Hospizkreis Menden e.V.
Am Ende des Lebens
Erfahrungen in der Sterbebegleitung

"Sterben dort, wo man zuhause ist". Das ist der Wunsch der meisten Menschen. Der Hospizkreis setzt sich dafür ein, dass dieser Wunsch erfüllt werden kann.

Nach einer Studie der Universität Augsburg besetzt das Wort Hospiz bei vielen Menschen die Vorstellung, in Kürze sterben zu müssen. Deshalb nehmen sie erst Kontakt mit dem Hospizkreis auf, wenn der Betroffene schon im Sterben liegt. Eine intensive Beziehung zum Sterbenden lässt sich dann nicht mehr aufbauen.

Die Erfahrungen der Sterbebegleiter des Mendener Hospizkreises zeigen: Wenn eine Begleitung sich über Wochen oder Monate hinzieht, kann diese für den Sterbenden sehr hilfreich sein. Oft ist es möglich, in kürzester Zeit ein Vertrauensverhältnis aufzubauen; denn Verschwiegenheit ist eine selbstverständliche Voraussetzung der Hospizarbeit.

Es ist für manchen Kranken leichter, die Dinge, die schon immer einmal oder noch unbedingt berichtet werden müssen, vor allem im privaten Bereich, einer neutralen Person mitzuteilen. Wir als Sterbebegleiter erleben diese menschliche Nähe immer wieder als Geschenk.

Jede Begleitung ist anders. Das hängt von den besonderen Umständen, der Persönlichkeit des Betroffenen und seiner Sterbephase ab. Wir erleben Menschen, die mit sich im Reinen, gläubig, versöhnt und zufrieden sterben. Manche sind jedoch verzweifelt und hadern mit sich, Gott und der Welt. Sie halten am Leben fest und können nicht sterben, obwohl die Ärzte schon lange damit gerechnet haben.

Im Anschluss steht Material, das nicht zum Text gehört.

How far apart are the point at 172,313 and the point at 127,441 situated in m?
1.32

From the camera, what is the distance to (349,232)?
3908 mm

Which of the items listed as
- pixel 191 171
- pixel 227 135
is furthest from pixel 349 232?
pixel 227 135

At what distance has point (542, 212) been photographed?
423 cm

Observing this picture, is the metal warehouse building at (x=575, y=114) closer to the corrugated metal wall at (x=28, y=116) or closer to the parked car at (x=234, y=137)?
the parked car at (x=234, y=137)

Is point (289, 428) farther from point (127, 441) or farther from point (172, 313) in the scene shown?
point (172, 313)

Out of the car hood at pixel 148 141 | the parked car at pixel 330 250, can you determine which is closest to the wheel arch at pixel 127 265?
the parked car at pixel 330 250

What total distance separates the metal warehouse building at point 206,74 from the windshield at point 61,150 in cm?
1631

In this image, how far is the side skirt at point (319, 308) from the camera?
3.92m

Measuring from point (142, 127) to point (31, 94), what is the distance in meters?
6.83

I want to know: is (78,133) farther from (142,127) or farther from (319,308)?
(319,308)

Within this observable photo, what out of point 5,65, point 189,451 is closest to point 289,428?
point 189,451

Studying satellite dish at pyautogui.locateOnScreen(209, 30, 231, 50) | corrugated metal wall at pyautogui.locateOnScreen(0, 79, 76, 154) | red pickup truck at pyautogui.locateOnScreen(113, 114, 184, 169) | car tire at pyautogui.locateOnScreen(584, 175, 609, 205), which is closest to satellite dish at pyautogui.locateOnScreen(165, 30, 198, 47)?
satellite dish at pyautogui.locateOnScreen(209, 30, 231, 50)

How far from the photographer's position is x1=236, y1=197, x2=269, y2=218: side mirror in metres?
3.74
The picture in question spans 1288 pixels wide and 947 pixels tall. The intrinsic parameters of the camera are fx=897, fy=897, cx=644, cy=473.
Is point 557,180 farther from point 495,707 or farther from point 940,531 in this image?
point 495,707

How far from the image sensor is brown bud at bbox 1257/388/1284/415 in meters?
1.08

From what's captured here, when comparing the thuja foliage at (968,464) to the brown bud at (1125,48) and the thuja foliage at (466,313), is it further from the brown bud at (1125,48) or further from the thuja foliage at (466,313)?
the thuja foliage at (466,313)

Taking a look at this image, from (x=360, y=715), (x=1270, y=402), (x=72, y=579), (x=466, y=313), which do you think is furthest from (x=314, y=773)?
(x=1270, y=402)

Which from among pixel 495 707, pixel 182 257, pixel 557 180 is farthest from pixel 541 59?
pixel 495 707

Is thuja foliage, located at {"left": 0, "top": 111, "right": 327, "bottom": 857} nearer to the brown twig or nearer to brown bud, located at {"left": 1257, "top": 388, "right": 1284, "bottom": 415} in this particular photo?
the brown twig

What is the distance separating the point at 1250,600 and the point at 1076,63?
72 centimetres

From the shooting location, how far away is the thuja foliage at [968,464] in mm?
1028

Wir Sterbebegleiter müssen vor allem achtsam und einfühlsam sein, besonders wenn der Kranke nicht mehr über Worte kommunizieren kann. Mit unserem einfach da sein entlasten wir die Angehörigen, so dass diese auch einmal Zeit zur freien Verfügung haben.

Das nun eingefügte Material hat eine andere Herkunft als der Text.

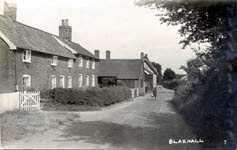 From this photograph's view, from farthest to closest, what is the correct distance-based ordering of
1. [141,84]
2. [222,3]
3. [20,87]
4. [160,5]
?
[141,84] < [20,87] < [160,5] < [222,3]

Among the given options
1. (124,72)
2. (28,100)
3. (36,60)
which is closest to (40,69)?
(36,60)

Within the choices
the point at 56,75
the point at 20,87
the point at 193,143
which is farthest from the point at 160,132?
the point at 56,75

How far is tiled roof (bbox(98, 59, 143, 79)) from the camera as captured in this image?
41938mm

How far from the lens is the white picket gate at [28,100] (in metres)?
15.0

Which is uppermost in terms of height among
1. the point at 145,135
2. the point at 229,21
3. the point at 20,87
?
the point at 229,21

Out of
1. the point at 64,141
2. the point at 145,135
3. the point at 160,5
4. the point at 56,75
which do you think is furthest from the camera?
the point at 56,75

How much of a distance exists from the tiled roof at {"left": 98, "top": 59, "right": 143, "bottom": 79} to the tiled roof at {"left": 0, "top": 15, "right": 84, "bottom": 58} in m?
15.8

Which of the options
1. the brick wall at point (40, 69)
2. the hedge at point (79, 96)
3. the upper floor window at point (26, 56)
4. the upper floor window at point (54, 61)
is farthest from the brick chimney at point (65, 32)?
the hedge at point (79, 96)

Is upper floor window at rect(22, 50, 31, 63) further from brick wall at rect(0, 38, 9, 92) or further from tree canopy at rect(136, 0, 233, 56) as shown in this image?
tree canopy at rect(136, 0, 233, 56)

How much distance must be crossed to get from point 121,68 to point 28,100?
29001 millimetres

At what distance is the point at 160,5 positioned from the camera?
781 cm

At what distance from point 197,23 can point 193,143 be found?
11.0 ft

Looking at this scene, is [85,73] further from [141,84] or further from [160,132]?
[160,132]

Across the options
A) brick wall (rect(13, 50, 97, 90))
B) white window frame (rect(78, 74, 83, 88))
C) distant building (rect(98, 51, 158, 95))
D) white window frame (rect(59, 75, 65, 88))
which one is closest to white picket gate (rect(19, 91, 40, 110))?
brick wall (rect(13, 50, 97, 90)) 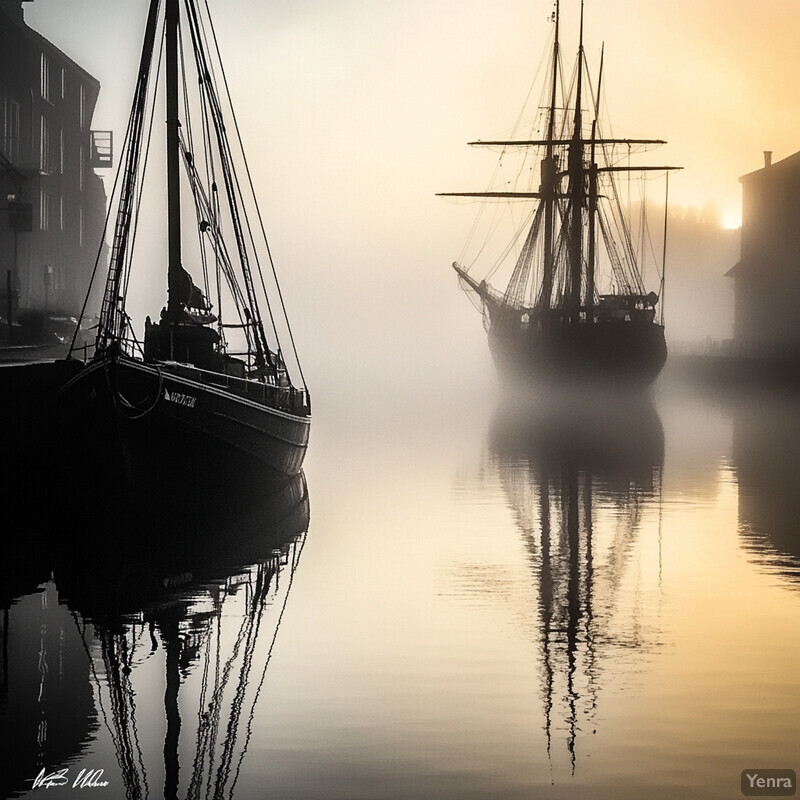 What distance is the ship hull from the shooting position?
82.8 ft

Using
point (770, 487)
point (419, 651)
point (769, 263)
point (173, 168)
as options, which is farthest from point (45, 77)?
point (419, 651)

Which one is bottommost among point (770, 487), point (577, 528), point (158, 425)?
point (770, 487)

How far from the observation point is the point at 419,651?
14070mm

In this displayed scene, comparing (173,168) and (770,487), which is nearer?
(173,168)

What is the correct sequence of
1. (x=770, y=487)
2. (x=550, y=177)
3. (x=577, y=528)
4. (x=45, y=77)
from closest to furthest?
1. (x=577, y=528)
2. (x=770, y=487)
3. (x=45, y=77)
4. (x=550, y=177)

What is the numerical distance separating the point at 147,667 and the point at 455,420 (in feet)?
154

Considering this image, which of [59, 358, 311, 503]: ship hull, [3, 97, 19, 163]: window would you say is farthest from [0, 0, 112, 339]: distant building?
[59, 358, 311, 503]: ship hull

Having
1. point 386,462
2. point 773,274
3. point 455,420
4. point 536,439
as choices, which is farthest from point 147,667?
point 773,274

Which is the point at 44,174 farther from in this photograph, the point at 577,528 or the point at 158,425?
the point at 577,528

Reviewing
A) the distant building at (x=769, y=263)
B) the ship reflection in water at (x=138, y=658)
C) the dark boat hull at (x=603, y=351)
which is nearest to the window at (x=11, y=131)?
the dark boat hull at (x=603, y=351)

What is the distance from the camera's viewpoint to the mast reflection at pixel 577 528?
41.9 ft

So erlebte eine Mitarbeiterin im Hospizdienst, dass ein Sohn, der seinen krebskranken Vater pflegte, sie mit Kaffee und Gebäck versorgte, bevor er das Haus verließ; dass eine Frau, nachdem Adventslieder gesungen wurden, friedlich verstarb; dass ein Sohn während einer Nachtwache auf der Gitarre spielte und leise dazu sang; dass einer alten Dame noch einmal das Lieblingsessen gekocht wurde, von dem sie dann nur noch wenig probieren konnte; dass ihr als Sterbebegleiterin in den Nachtstunden im Krankenzimmer zur Verstärkung ein Hund zu Füßen und ein weiterer im Hausflur vor dem Zimmer lag.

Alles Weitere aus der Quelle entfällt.